Materials provided:

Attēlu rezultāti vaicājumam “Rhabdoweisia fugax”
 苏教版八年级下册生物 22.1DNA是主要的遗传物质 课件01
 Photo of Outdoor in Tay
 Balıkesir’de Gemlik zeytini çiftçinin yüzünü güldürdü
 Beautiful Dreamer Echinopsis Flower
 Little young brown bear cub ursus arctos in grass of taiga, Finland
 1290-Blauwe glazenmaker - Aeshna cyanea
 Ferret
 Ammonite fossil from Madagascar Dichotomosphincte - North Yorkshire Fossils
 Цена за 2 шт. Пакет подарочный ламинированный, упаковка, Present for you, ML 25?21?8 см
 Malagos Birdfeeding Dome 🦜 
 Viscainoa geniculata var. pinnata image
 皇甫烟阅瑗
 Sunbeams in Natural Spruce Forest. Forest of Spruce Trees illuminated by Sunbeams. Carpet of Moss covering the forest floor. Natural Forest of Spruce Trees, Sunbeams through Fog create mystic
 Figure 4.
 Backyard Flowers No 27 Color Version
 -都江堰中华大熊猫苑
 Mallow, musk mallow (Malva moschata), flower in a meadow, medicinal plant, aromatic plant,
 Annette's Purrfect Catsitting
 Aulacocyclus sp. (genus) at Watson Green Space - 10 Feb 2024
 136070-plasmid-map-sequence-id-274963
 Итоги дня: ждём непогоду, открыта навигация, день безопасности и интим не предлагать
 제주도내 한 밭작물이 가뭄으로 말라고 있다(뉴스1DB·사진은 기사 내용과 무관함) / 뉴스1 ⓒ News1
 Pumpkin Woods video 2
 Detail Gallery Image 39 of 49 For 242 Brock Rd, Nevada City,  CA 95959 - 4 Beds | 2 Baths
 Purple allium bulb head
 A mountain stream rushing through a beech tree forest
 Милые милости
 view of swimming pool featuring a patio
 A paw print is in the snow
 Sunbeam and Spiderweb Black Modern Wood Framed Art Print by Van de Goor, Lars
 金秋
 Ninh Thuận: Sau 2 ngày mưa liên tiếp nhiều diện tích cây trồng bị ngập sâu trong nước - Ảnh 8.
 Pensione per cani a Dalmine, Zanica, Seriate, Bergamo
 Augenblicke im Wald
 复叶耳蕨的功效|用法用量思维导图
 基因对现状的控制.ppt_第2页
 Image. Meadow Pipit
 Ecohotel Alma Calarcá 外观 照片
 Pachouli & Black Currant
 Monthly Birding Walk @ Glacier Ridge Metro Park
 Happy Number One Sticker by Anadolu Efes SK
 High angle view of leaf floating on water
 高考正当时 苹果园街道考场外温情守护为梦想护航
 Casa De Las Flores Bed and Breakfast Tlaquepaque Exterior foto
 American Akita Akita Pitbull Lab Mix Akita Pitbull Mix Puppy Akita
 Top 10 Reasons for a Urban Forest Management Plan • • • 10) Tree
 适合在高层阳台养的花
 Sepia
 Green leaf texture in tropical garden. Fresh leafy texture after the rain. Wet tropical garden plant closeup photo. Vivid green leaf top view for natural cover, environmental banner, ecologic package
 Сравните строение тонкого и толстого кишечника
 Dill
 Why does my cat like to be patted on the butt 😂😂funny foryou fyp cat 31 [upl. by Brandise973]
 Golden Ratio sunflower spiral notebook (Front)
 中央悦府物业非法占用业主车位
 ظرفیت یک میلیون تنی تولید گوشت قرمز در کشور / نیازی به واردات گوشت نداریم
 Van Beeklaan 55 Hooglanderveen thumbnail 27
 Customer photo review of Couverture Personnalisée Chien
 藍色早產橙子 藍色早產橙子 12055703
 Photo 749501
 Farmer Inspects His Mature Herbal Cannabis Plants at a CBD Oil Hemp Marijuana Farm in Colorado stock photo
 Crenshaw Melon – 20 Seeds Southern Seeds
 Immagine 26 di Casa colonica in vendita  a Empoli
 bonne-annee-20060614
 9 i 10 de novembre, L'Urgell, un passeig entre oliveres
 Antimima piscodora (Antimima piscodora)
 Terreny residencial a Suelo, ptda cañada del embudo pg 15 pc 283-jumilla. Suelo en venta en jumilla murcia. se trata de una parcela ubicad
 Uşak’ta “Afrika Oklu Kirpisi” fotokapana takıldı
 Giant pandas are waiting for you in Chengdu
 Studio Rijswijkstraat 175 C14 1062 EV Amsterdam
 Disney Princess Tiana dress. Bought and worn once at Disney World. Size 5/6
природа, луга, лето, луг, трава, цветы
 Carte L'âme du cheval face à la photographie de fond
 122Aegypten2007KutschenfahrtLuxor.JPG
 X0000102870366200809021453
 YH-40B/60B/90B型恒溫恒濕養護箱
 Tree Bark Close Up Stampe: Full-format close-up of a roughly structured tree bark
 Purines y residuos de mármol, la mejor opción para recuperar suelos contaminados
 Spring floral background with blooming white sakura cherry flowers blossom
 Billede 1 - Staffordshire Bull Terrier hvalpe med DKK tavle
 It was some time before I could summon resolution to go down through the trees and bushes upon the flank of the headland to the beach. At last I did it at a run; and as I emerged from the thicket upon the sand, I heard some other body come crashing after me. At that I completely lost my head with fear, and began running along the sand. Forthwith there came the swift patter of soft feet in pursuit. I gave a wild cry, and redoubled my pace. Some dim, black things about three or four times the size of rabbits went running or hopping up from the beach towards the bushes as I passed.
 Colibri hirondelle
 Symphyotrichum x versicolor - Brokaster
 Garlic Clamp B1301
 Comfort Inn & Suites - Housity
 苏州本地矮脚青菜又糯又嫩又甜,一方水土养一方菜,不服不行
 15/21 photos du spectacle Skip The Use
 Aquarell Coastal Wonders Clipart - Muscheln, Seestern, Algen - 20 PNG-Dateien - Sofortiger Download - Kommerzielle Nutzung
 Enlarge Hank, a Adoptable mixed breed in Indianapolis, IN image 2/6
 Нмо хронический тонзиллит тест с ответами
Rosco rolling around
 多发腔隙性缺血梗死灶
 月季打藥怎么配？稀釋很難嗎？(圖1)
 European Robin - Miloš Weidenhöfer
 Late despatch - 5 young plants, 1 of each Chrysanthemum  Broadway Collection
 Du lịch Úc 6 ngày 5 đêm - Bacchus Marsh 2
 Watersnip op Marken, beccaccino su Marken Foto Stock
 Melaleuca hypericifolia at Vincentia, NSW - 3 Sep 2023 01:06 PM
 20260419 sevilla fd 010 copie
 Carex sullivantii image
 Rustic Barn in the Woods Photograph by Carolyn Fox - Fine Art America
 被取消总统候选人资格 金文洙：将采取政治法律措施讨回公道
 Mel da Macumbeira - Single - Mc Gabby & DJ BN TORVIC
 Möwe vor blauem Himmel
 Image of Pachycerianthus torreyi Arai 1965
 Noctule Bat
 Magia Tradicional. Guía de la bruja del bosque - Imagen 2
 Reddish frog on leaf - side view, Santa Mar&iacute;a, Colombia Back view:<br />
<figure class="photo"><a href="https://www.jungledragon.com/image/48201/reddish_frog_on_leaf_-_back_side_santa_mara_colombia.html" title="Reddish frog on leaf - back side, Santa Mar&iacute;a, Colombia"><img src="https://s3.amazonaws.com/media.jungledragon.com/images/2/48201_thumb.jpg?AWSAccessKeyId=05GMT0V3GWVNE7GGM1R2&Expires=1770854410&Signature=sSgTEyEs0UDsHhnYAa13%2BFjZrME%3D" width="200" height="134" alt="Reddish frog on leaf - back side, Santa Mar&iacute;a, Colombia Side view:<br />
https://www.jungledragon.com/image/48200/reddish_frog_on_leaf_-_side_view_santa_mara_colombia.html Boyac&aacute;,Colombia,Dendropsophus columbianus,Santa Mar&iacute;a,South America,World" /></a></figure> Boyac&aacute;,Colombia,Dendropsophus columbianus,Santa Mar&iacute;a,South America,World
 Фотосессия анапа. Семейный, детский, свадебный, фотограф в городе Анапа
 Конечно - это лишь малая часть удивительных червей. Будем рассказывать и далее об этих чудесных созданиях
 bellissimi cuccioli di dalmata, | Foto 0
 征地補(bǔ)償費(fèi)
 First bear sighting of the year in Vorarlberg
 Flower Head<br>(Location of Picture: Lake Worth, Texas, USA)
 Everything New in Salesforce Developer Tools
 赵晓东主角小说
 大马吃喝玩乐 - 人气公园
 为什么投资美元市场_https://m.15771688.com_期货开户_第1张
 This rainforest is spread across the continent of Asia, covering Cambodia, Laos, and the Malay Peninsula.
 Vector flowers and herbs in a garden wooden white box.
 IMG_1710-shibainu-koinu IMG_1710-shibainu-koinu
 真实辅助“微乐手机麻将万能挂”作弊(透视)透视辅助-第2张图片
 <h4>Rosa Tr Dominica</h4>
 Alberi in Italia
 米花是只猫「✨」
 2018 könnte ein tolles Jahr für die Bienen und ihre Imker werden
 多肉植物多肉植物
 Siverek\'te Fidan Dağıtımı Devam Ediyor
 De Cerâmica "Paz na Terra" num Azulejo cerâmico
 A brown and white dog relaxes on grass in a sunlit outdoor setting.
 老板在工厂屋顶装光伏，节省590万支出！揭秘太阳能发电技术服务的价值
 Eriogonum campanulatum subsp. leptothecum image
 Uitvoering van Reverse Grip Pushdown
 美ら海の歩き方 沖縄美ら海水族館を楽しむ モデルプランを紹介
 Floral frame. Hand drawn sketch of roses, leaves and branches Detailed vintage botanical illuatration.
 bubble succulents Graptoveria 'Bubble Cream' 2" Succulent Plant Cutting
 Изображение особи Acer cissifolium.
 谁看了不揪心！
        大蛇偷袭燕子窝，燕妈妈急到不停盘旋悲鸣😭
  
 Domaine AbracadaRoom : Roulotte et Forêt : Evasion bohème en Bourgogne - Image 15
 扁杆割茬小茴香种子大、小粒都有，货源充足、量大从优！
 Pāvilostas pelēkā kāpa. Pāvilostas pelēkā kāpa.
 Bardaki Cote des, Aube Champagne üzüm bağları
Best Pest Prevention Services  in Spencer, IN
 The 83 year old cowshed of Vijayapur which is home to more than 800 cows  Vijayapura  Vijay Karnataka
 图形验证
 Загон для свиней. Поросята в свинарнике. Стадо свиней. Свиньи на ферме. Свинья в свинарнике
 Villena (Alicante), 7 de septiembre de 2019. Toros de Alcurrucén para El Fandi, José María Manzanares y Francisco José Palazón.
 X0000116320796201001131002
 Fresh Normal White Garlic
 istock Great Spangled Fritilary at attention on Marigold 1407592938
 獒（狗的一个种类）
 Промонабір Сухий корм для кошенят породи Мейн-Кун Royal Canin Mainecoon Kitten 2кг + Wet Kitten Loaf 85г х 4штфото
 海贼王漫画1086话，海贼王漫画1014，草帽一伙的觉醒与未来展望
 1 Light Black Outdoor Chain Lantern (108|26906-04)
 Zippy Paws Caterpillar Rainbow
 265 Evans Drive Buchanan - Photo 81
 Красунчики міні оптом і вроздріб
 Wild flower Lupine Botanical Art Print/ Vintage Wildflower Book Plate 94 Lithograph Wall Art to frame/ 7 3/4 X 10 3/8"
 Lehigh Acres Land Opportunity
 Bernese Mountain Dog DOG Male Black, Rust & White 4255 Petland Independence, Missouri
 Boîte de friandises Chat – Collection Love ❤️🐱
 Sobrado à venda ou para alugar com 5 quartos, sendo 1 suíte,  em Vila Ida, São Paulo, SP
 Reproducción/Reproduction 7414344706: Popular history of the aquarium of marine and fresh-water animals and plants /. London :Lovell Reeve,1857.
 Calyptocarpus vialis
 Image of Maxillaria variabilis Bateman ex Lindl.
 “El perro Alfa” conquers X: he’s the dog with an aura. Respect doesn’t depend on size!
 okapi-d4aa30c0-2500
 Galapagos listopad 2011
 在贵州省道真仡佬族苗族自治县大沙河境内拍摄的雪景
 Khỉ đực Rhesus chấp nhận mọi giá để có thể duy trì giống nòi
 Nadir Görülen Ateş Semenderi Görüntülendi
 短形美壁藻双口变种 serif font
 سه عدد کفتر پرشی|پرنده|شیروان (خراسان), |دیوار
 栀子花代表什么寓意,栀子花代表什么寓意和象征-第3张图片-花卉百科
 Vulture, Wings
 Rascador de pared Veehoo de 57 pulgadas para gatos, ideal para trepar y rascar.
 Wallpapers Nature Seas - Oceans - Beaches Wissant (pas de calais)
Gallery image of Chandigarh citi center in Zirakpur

About this task:
The response should be the listing above, limited to the lines between the one holding "This rainforest is" and the one holding "老板在工厂屋顶装光伏，节省590万支出！揭秘太阳能发电技术服务的价值", inclusive, reproduced exactly.

Response:
 This rainforest is spread across the continent of Asia, covering Cambodia, Laos, and the Malay Peninsula.
 Vector flowers and herbs in a garden wooden white box.
 IMG_1710-shibainu-koinu IMG_1710-shibainu-koinu
 真实辅助“微乐手机麻将万能挂”作弊(透视)透视辅助-第2张图片
 <h4>Rosa Tr Dominica</h4>
 Alberi in Italia
 米花是只猫「✨」
 2018 könnte ein tolles Jahr für die Bienen und ihre Imker werden
 多肉植物多肉植物
 Siverek\'te Fidan Dağıtımı Devam Ediyor
 De Cerâmica "Paz na Terra" num Azulejo cerâmico
 A brown and white dog relaxes on grass in a sunlit outdoor setting.
 老板在工厂屋顶装光伏，节省590万支出！揭秘太阳能发电技术服务的价值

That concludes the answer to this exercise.